● TASK DIRECTIONS
Every record must appear in your copy exactly as written, with no pictures.

--

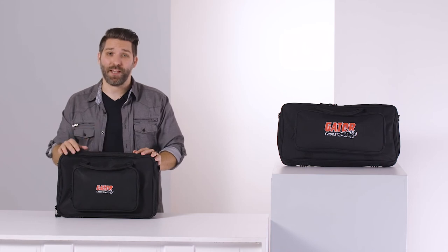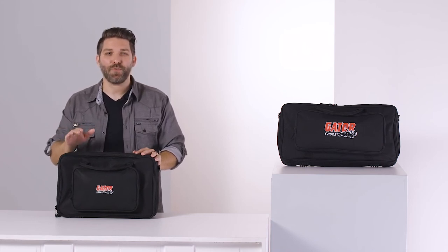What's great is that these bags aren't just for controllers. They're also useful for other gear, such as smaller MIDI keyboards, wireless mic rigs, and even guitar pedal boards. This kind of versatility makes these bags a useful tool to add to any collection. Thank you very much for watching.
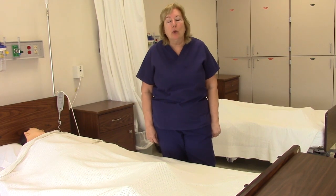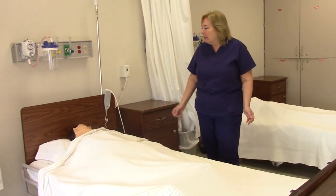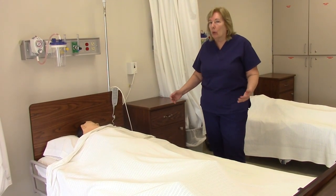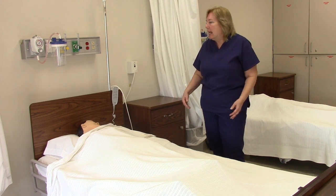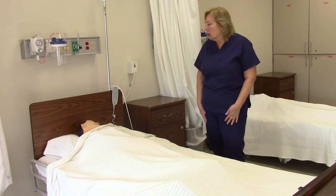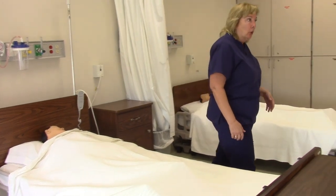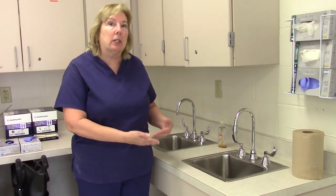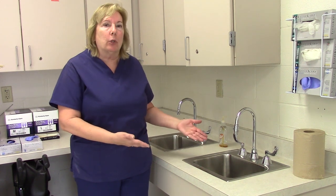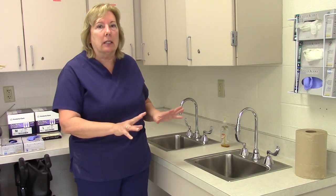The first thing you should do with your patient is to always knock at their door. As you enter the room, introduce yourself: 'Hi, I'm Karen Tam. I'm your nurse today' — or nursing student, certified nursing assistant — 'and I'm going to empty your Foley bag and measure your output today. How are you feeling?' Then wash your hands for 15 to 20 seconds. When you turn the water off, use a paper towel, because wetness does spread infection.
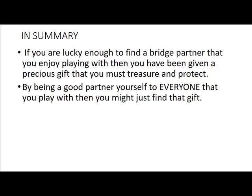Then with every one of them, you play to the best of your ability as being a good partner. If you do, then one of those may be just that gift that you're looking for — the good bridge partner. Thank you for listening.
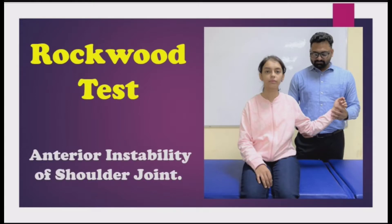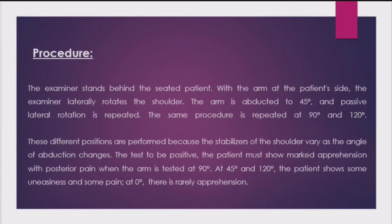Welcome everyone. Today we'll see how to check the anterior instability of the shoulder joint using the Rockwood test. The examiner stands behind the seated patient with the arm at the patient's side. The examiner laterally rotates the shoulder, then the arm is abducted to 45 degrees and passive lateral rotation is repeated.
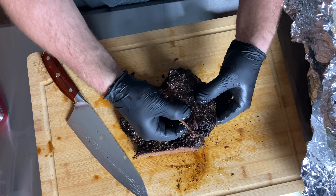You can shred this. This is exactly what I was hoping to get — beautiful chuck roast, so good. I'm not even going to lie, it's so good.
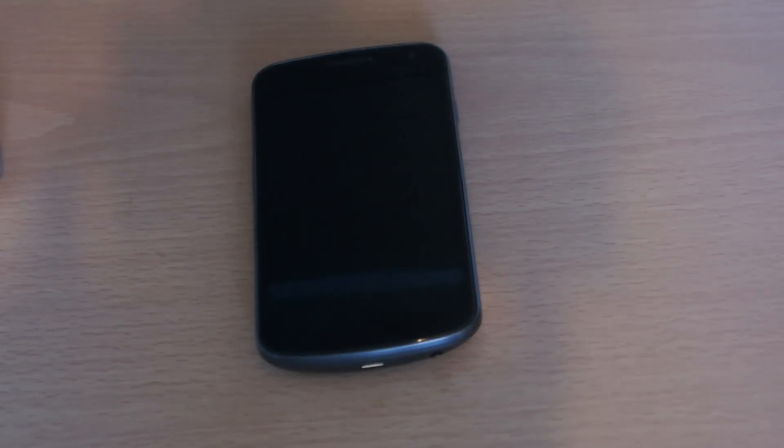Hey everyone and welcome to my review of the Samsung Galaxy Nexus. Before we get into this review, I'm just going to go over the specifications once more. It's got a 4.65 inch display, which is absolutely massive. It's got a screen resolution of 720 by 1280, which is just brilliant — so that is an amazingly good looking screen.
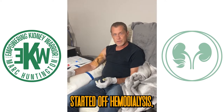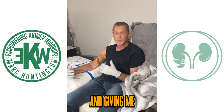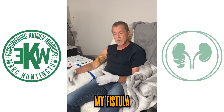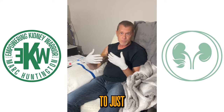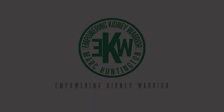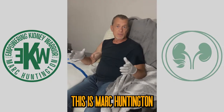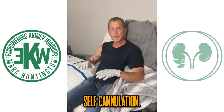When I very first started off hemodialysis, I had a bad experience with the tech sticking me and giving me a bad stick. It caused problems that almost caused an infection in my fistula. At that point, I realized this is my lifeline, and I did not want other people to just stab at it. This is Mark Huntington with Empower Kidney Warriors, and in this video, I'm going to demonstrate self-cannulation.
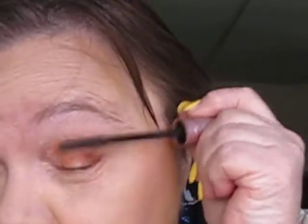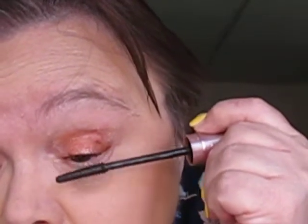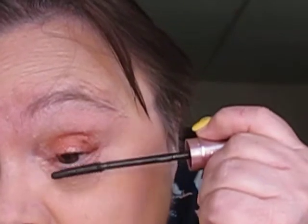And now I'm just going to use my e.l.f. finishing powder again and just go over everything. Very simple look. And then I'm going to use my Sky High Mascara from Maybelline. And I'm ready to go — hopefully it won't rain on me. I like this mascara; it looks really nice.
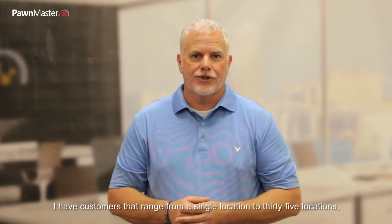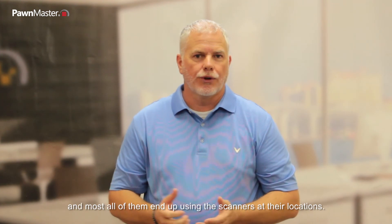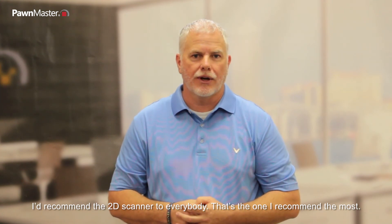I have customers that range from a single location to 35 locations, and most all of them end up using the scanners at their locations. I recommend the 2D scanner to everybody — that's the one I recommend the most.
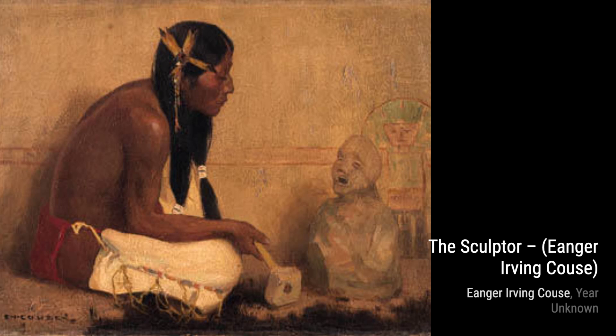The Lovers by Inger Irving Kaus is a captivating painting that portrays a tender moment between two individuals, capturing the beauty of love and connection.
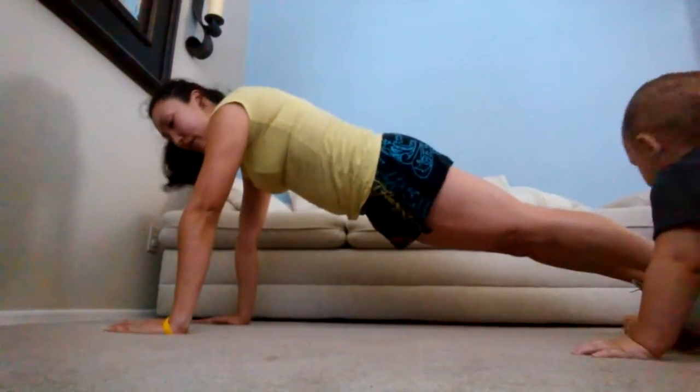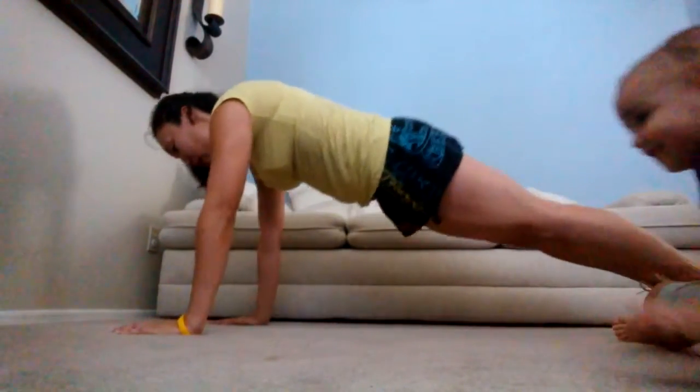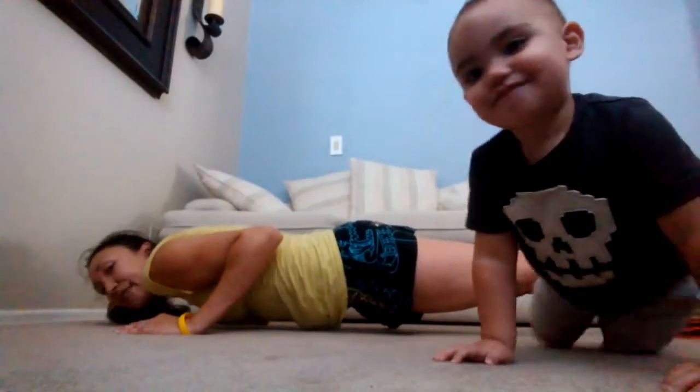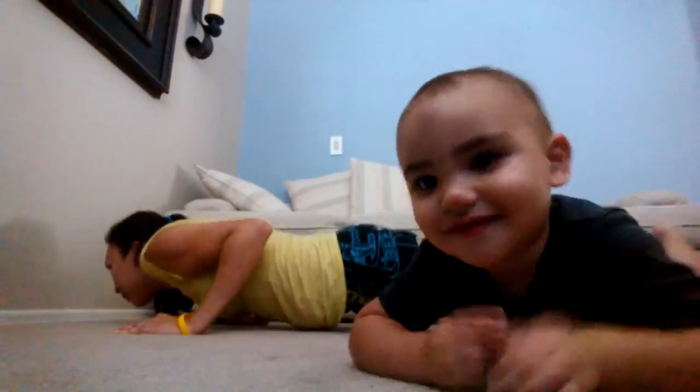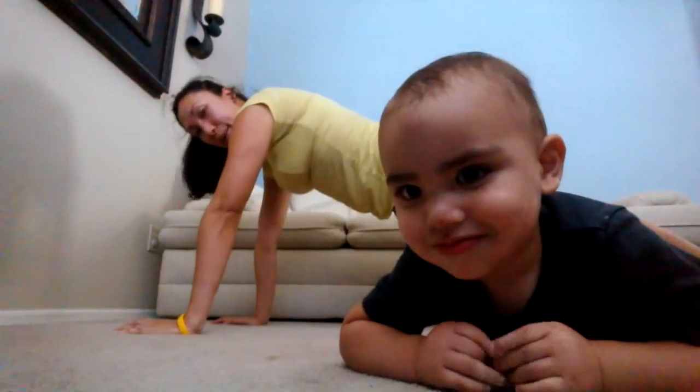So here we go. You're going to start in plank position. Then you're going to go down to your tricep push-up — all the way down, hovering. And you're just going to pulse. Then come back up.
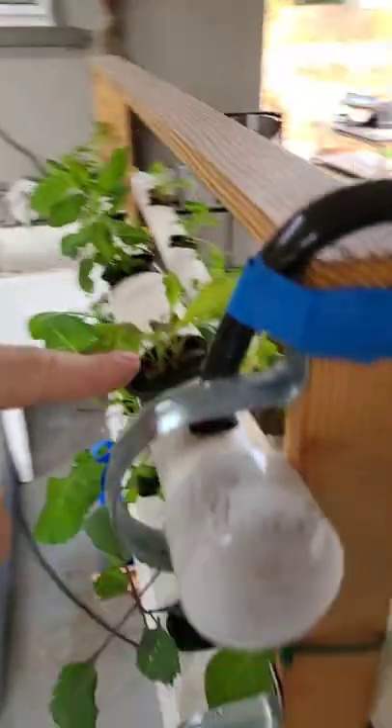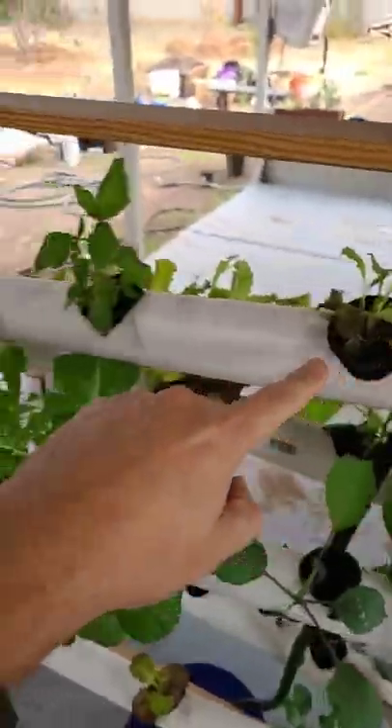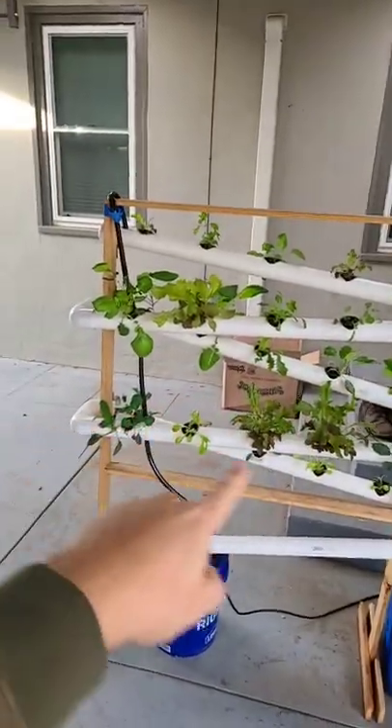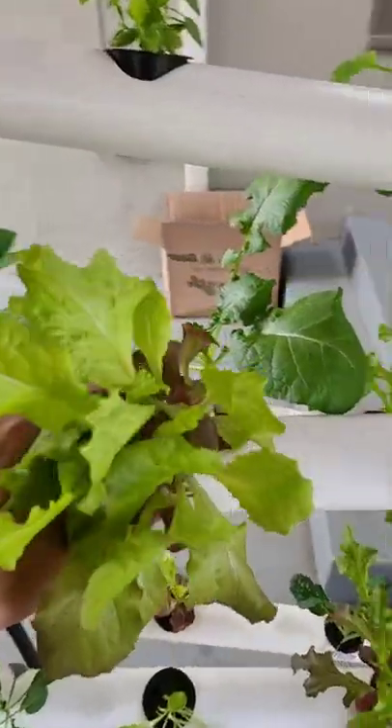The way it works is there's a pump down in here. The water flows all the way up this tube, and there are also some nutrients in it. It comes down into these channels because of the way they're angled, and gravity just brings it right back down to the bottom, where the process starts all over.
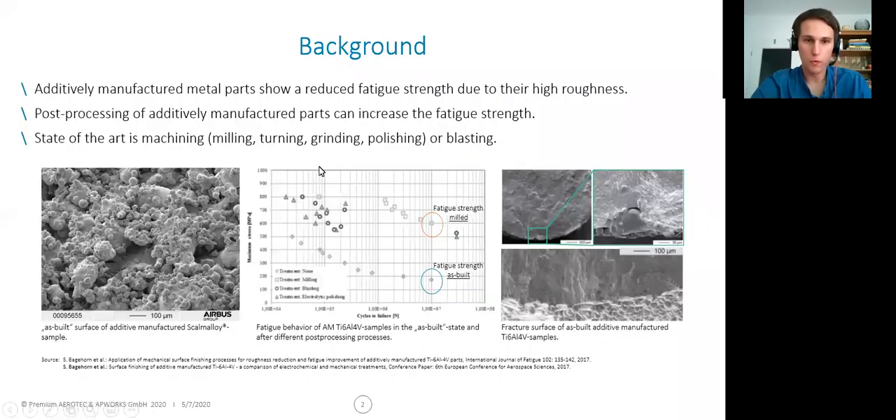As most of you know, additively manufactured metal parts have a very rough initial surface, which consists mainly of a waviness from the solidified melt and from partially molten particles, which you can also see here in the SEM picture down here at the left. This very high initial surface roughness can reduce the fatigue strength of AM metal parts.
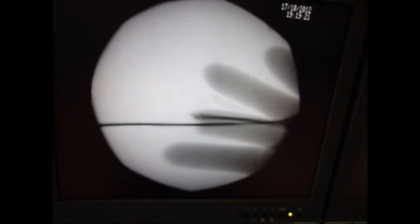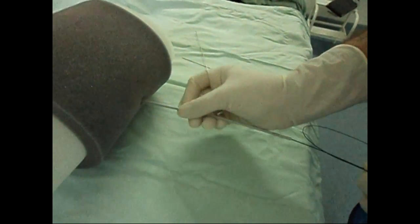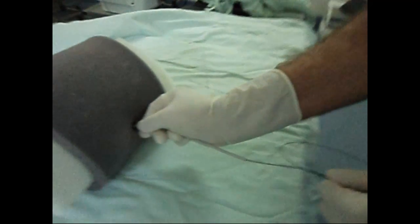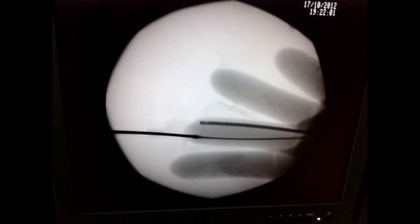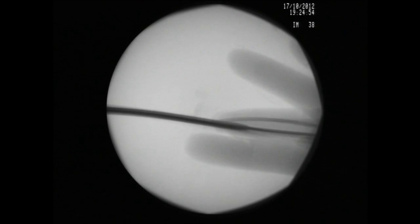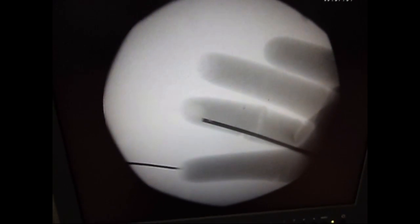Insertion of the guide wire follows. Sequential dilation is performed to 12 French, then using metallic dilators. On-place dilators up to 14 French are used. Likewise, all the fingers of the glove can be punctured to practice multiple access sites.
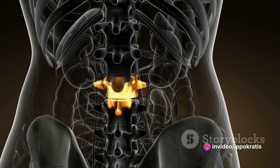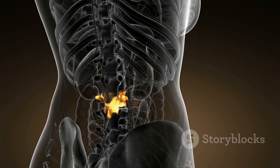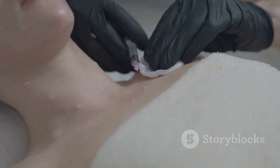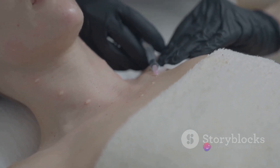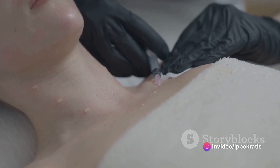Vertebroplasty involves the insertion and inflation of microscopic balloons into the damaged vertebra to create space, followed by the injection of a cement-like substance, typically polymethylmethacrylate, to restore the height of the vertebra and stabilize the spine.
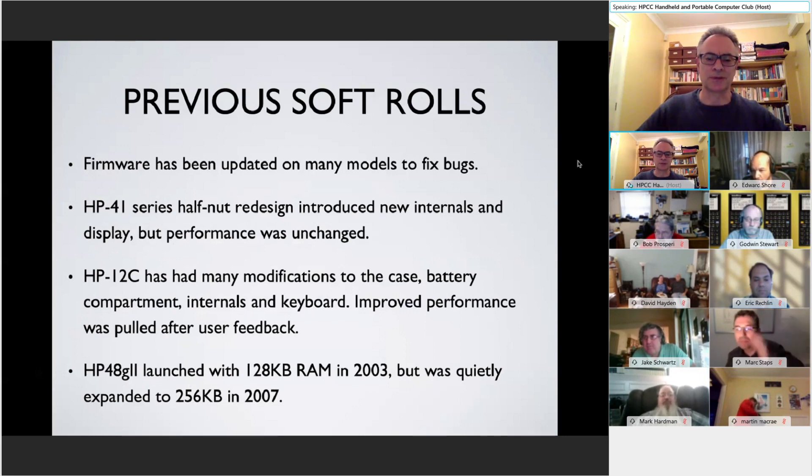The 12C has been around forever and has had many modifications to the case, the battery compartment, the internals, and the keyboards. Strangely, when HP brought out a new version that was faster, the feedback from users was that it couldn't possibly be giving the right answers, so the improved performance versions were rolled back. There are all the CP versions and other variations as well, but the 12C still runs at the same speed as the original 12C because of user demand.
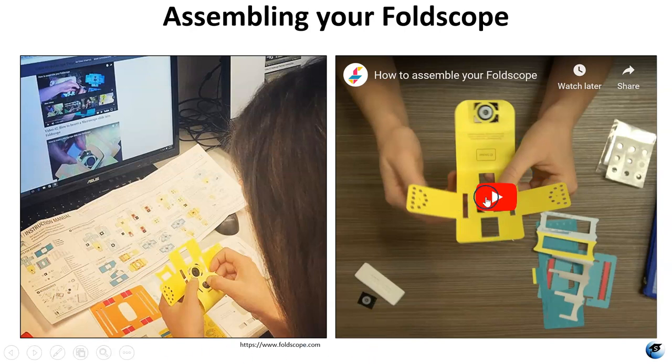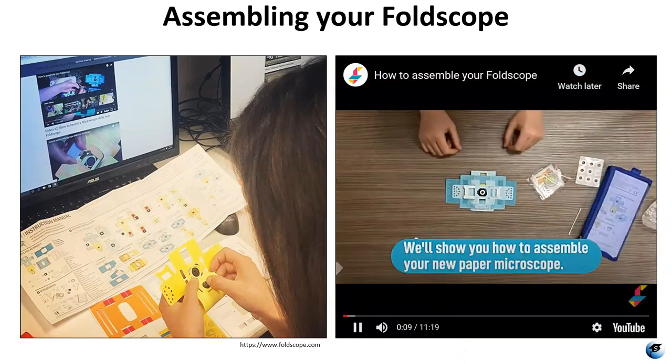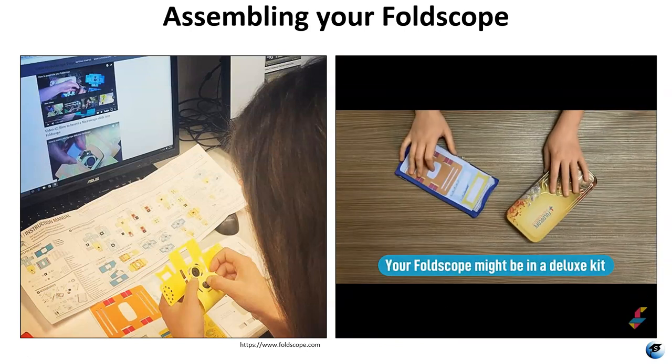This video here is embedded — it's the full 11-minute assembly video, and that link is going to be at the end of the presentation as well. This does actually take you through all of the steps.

--

● ANSWER SPACE
What's great is that these bags aren't just for controllers. They're also useful for other gear, such as smaller MIDI keyboards, wireless mic rigs, and even guitar pedal boards. This kind of versatility makes these bags a useful tool to add to any collection. Thank you very much for watching.
The first thing you should do with your patient is to always knock at their door. As you enter the room, introduce yourself: 'Hi, I'm Karen Tam. I'm your nurse today' — or nursing student, certified nursing assistant — 'and I'm going to empty your Foley bag and measure your output today. How are you feeling?' Then wash your hands for 15 to 20 seconds. When you turn the water off, use a paper towel, because wetness does spread infection.
Then with every one of them, you play to the best of your ability as being a good partner. If you do, then one of those may be just that gift that you're looking for — the good bridge partner. Thank you for listening.
Welcome everyone. Today we'll see how to check the anterior instability of the shoulder joint using the Rockwood test. The examiner stands behind the seated patient with the arm at the patient's side. The examiner laterally rotates the shoulder, then the arm is abducted to 45 degrees and passive lateral rotation is repeated.
You can shred this. This is exactly what I was hoping to get — beautiful chuck roast, so good. I'm not even going to lie, it's so good.
Hey everyone and welcome to my review of the Samsung Galaxy Nexus. Before we get into this review, I'm just going to go over the specifications once more. It's got a 4.65 inch display, which is absolutely massive. It's got a screen resolution of 720 by 1280, which is just brilliant — so that is an amazingly good looking screen.
When I very first started off hemodialysis, I had a bad experience with the tech sticking me and giving me a bad stick. It caused problems that almost caused an infection in my fistula. At that point, I realized this is my lifeline, and I did not want other people to just stab at it. This is Mark Huntington with Empower Kidney Warriors, and in this video, I'm going to demonstrate self-cannulation.
And now I'm just going to use my e.l.f. finishing powder again and just go over everything. Very simple look. And then I'm going to use my Sky High Mascara from Maybelline. And I'm ready to go — hopefully it won't rain on me. I like this mascara; it looks really nice.
I have customers that range from a single location to 35 locations, and most all of them end up using the scanners at their locations. I recommend the 2D scanner to everybody — that's the one I recommend the most.
The Lovers by Inger Irving Kaus is a captivating painting that portrays a tender moment between two individuals, capturing the beauty of love and connection.
So here we go. You're going to start in plank position. Then you're going to go down to your tricep push-up — all the way down, hovering. And you're just going to pulse. Then come back up.
The way it works is there's a pump down in here. The water flows all the way up this tube, and there are also some nutrients in it. It comes down into these channels because of the way they're angled, and gravity just brings it right back down to the bottom, where the process starts all over.
As most of you know, additively manufactured metal parts have a very rough initial surface, which consists mainly of a waviness from the solidified melt and from partially molten particles, which you can also see here in the SEM picture down here at the left. This very high initial surface roughness can reduce the fatigue strength of AM metal parts.
Insertion of the guide wire follows. Sequential dilation is performed to 12 French, then using metallic dilators. On-place dilators up to 14 French are used. Likewise, all the fingers of the glove can be punctured to practice multiple access sites.
Vertebroplasty involves the insertion and inflation of microscopic balloons into the damaged vertebra to create space, followed by the injection of a cement-like substance, typically polymethylmethacrylate, to restore the height of the vertebra and stabilize the spine.
The 12C has been around forever and has had many modifications to the case, the battery compartment, the internals, and the keyboards. Strangely, when HP brought out a new version that was faster, the feedback from users was that it couldn't possibly be giving the right answers, so the improved performance versions were rolled back. There are all the CP versions and other variations as well, but the 12C still runs at the same speed as the original 12C because of user demand.
This video here is embedded — it's the full 11-minute assembly video, and that link is going to be at the end of the presentation as well. This does actually take you through all of the steps.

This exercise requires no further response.